Friedrich Reinhold Kreutzmatsin (Paavo Matsin)
Must päike (The Black Sun)
Lepp ja Nagel, 2017, 192 pp
EAN 9789789949885
Paavo Matsin’s latest novel is set in the small Southern Estonian town of Võru in the mid-19th century. Its cast of characters includes Fr. R. Kreutzwald, the beloved author of the Estonian national epic, known to Estonians as their “Song Father”; his friend, the Baltic-German doctor and humorist Georg-Julius von Schultz-Bertram; and also the Swedish Queen Christina, who in reality lived long before the two aforementioned men. Furthermore, some of Matsin’s writing is in a bizarre “Jamaican-Estonian” fusion. Why? To liven up the reading experience, no doubt. Without giving away too much of The Black Sun’s content, I can confidently state that out of all the author’s books, this is the most reader-friendly and narrative-centric; still, he employs a large array of cryptic and alchemic symbols that may confuse someone unfamiliar with his previous works. Why is the Russian poet Pushkin’s great-grandfather Abram Petrovich Hannibal represented as a black stork? Why is it necessary to perform a sex change on Queen Christina, and why must the town of Võru be heated to tropical temperatures to do so? And what on Earth is this Jamaican slang all about?
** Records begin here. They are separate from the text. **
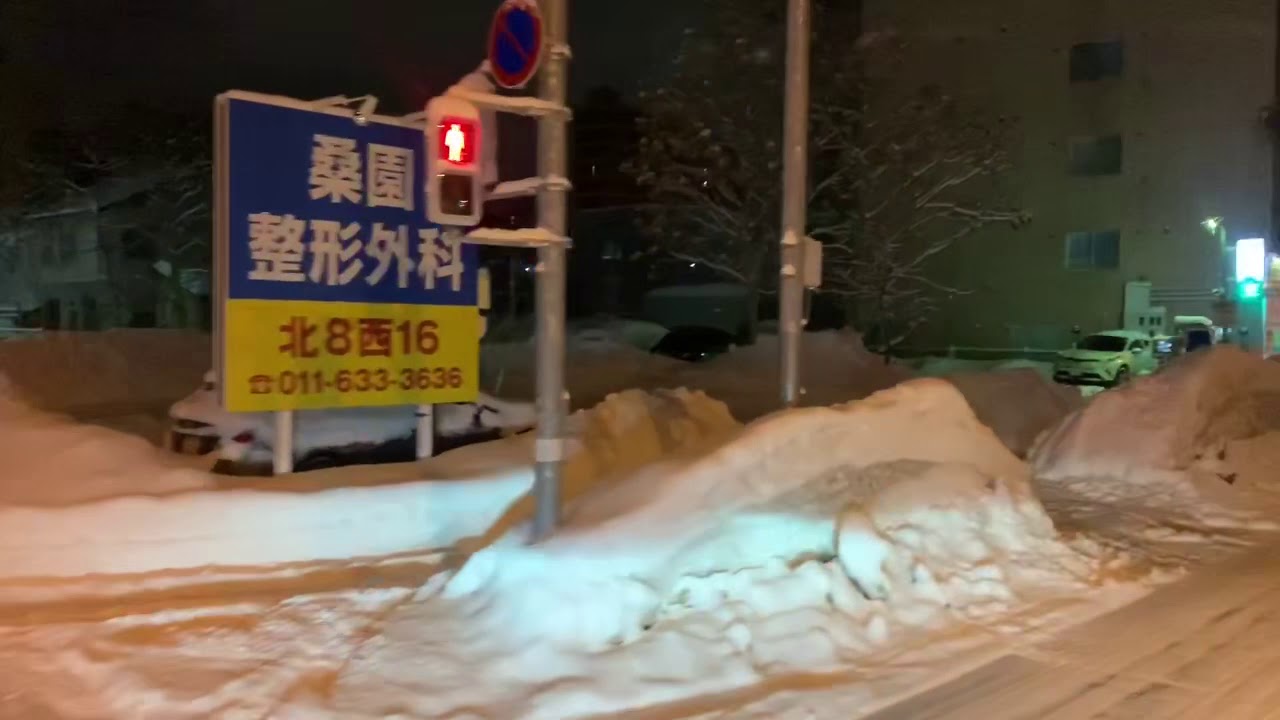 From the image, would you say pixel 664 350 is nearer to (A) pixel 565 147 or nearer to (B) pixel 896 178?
(B) pixel 896 178

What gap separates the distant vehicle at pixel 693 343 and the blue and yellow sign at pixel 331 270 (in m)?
18.9

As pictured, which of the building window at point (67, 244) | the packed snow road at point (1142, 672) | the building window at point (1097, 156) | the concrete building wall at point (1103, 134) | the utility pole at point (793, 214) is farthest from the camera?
the building window at point (1097, 156)

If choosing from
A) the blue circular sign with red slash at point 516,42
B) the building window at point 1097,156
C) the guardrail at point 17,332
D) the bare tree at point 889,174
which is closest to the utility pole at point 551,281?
the blue circular sign with red slash at point 516,42

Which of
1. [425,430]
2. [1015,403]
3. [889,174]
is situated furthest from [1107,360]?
[425,430]

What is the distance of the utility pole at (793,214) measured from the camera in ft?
30.1

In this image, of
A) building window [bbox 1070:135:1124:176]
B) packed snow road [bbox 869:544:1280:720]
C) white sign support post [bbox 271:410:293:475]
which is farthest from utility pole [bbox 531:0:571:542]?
building window [bbox 1070:135:1124:176]

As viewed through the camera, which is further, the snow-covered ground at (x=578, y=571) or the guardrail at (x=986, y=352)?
the guardrail at (x=986, y=352)

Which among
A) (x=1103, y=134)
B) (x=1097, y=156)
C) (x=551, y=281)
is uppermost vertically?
(x=1103, y=134)

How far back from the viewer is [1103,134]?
108 feet

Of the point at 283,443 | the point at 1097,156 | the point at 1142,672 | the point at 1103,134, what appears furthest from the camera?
the point at 1097,156

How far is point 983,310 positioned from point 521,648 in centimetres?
3107

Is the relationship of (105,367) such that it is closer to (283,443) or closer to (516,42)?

I don’t know the answers, but neither is knowing necessary. Matsin himself makes no secret of the fact that The Black Sun is meant to be an associative novel that the reader can simply enjoy for its kaleidoscope of symbols, its allegorical nature, and pure absurdity. Moreover, Matsin possesses a special ability to wrap the reader around his little finger. He scatters little signs and remarks almost in passing, mentions the possibility of some lesser topics, details characters’ backstories in a handful of words, and before the reader even knows it, he is in the author’s clutches, awaiting great revelations, exciting turns of events, and earth-shaking truths. Yes, these elements do come, and in that sense, Matsin is no con artist pranking the reader. But it’s the same here as it is with all of the profuse symbolism and semantics: the reader can either get bogged down in them or take them as a pleasant garnish. These are the elements that steep The Black Sun and Matsin’s other books in a magical atmosphere that one should refrain from sinking into too deeply, for even in the shadows of all that gold and tinsel, the author has a message to convey. The art is simply to find it.
Erik Aru (1978) is an Estonian journalist who has been writing literary criticism mostly for Eesti Päevaleht since 2010. He is also a PhD student in economics at University of Tartu.